Analyzing articles in major economics journals, Hengel (2022) finds that women tend to become better writers than men (according to technical measures of readability) as their careers develop, and that women’s papers tend to spend longer time in peer review. Combining these observations, Hengel argues that women are held to higher standards than men in peer review and suggests that women gradually internalize these higher expectations (see also Bright 2017; Leuschner 2019). It isn’t clear, however, that these findings can explain the effect found here. The effect that Hengel identifies appears gradually over several years; in their first few publications, there is no difference in readability on average between women and men. But this is also the period when most applicants are on the academic job market. Applying Hengel’s model to the academic job market in philosophy would seem to require a similar gender-linked aptitude difference appearing much earlier than Hengel finds in economics publishing.

A different possible explanation is that “in recent years, hiring committees and others have taken steps to remediate underrepresentation and its most likely causes.” They continue:

For example, hiring committees might conduct a search in subfields with a greater share of women and other underrepresented groups, such as feminist philosophy, and then might adopt strategies for reviewing applications and conducting interviews that are designed to block implicit bias. Other changes, such as the shift from hotel rooms to videoconferencing for first-round job interviews, might have the side effect of reducing discriminatory processes against women, even if they weren’t adopted with this intention. But even if these kinds of changes have successfully mitigated factors that work against women, it is hard to see how they would give women a substantial net advantage.

It may be that, all else being equal, hiring committees tend to prefer women candidates.

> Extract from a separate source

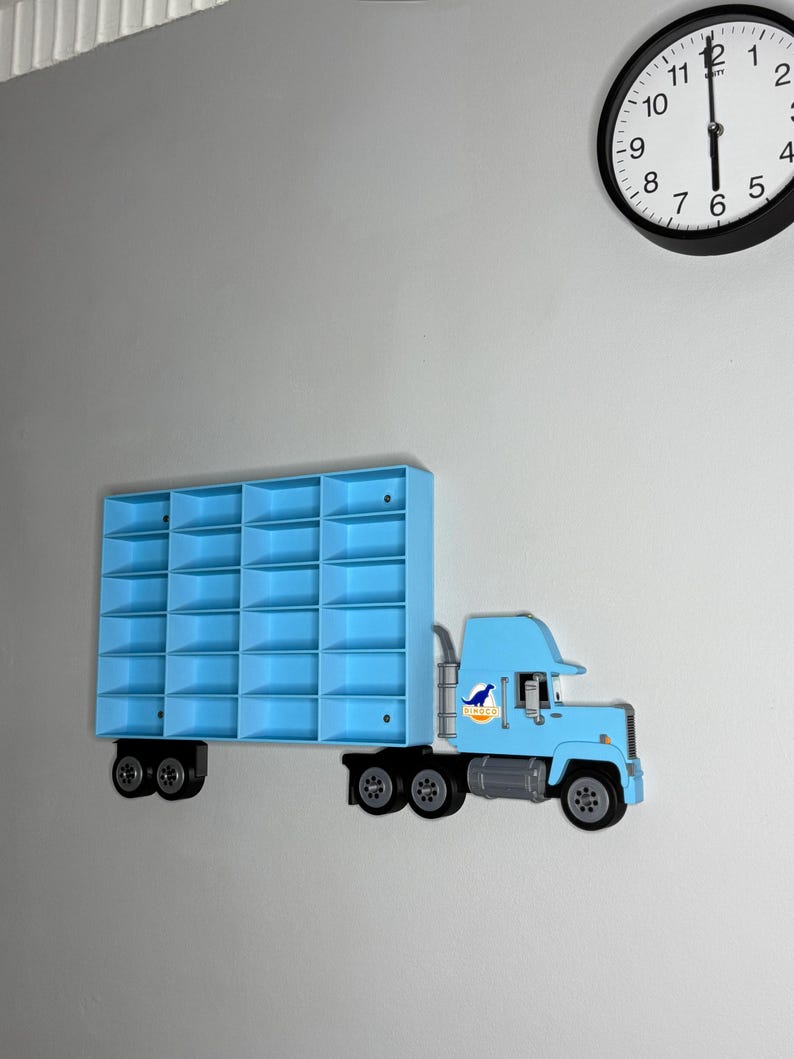 May include: A light blue toy truck-shaped wall shelf with multiple compartments. The truck has black wheels and a dinosaur logo on the side. A black and white clock is visible in the background.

They note that the gender effect they found is “likely to be a recent development.” They say:

As mentioned above, women have received 30–34 percent of new Ph.D. degrees in philosophy for decades, but in the past decade have made up only 19–26 percent of philosophy faculty (Schwitzgebel and Jennings 2017). If women had this placement advantage over men for several decades, we would expect women to be better represented among faculty than new Ph.D.s. For example, suppose there were 100 new Ph.D.s in a given year, 35 of which were women (35 percent) and the remaining 65 men. If 66 percent of the men and 77 percent of the women secured a permanent position (a 10-point probability difference), the new faculty would have 43 men and 27 women (rounding to the nearest whole number), or 39 percent women.

Summing up, they stress that their finding about the job market should not be taken to imply that there aren’t still problems regarding the treatment of women in philosophy:

All together, while our analysis finds that women are hired at greater rates in the academic job market in philosophy, it is not clear what might explain this difference, and it is likely to be a recent development. Moreover, we emphasize that this finding is entirely compatible with the existence of a hostile climate, implicit bias, and other factors that drive women (and other gender and sexual minorities) away from academic philosophy. For example, in a 2012 survey conducted by the Philosophy of Science Association, respondents who identify as women found the climate of both the PSA Biennial Meeting and the discipline as a whole to have a less welcoming, more sexist, less diverse, and more exclusionary climate, with more incivility and harassment, compared to respondents who identify as men (Settles and O’Connor 2012, table 6). Furthermore, Dowell and Sobel (2019) [see here] separately summarize the evidence showing that sexual harassment is pervasive across academia. Among other points, they note that 15 out of 655 publicly documented cases of sexual harassment in the “Not a Fluke” database are in philosophy, and that 4 out of 15 high-profile cases examined by Martinez (2017) involved philosophers.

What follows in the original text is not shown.